1 Instead He (Allah) declared that every one was created from both male and female. All were, therefore, similar to each other. There could be no declaration more complete and more appropriate. Finally, He declared that being a male or a female or being born in a certain family or tribe is not the criterion of superiority. Superiority originates only from piety.
Also, Allah has said: . . . that I will not waste the work of a worker among you, whether male or female, the one of you being from the other . . . (3:195).
Here it is clearly said that endeavor is not repulsed and work is not wasted. And why? Because the one of you is from the other. This verse in this way clearly says what was implied in the words of the previous verse, "surely We have created you of a male and a female": The man and the woman together are a single species, without any difference in their origin and root. He goes on to say that the work of anyone from these two groups is not wasted before Allah; it will not be neglected, nor will its reward be given to another person; every soul is mortgaged against its own endeavours. It is not as the people have said, that women were responsible for their mistakes, but so far as their good work was concerned, its reward should be given to the men.

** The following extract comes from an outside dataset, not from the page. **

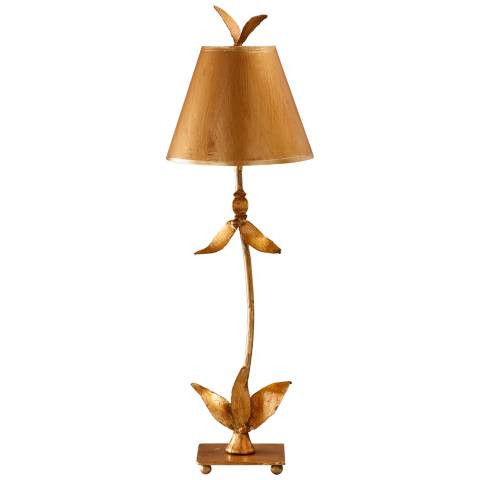 Red Bell Gold Leaf Steel Leaves Buffet Table Lamp - #523X9 | Lamps Plus | Lamps Plus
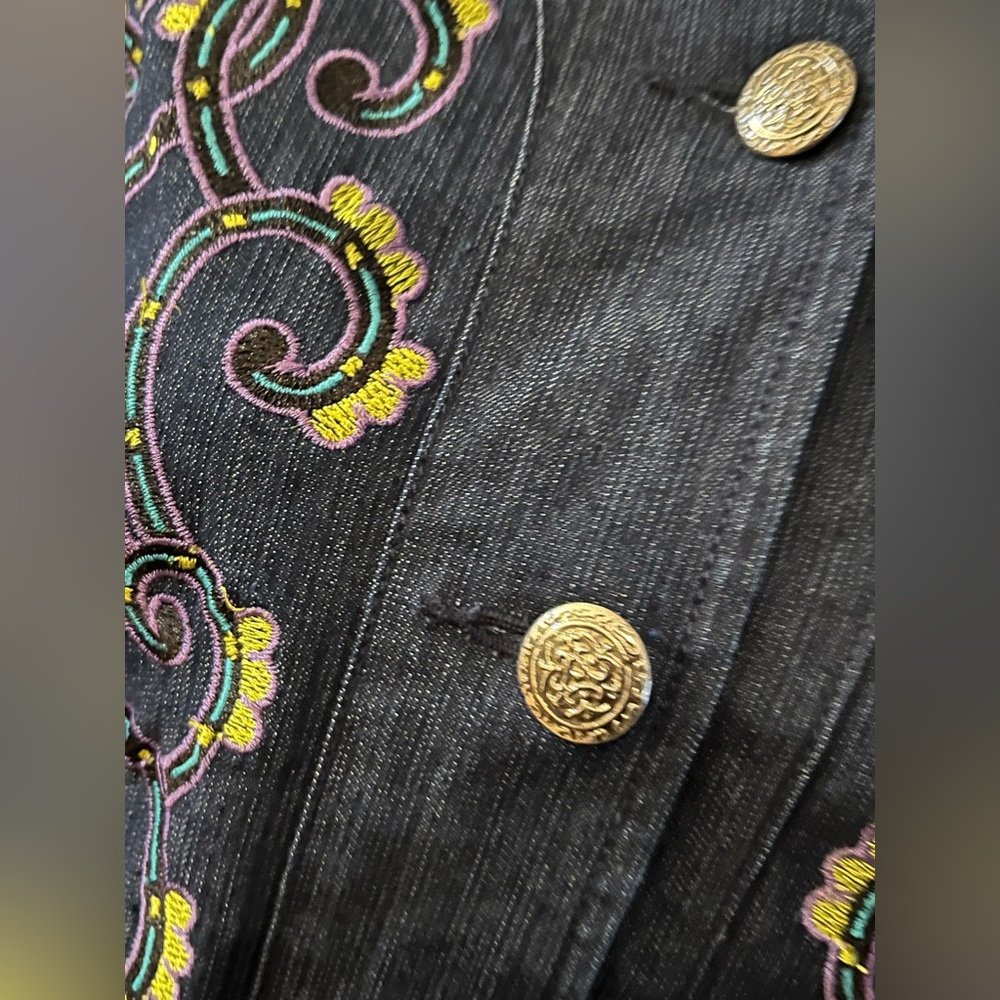 🌿✨ Choices Embroidered Denim Jacket Silver Buttons Size Large L ✨🌿 - Picture 4 of 7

Every male and every female get what he or she does, and there is no superiority except of piety. The virtues are a part of piety like faith with its various degrees, beneficial knowledge, balanced wisdom, good character, patience and forbearance. Therefore, a believing woman (in various stages of the faith), or a learned and wise one, or one who is of noble character, will be superior in her own right, and higher in grade than those men, whosoever, who are not equal to her in these virtues. Because there is no superiority except of piety and noble character.
There are other verses of the same meaning, and rather more clear. Allah says.
Whoever does good, whether male or female, and he is a believer, We will most certainly make him live a happy life, and We will most certainly give them their reward for the best of what they did ( 16:97).
. . . and whoever does good, whether male or female and he is a believer, these shall enter the garden in which they shall be given sustenance without measure (40:40).
And whoever does good deeds, whether male or female and he is a believer, these shall enter the garden, and they shall not be dealt with a lot unjustly (4:124).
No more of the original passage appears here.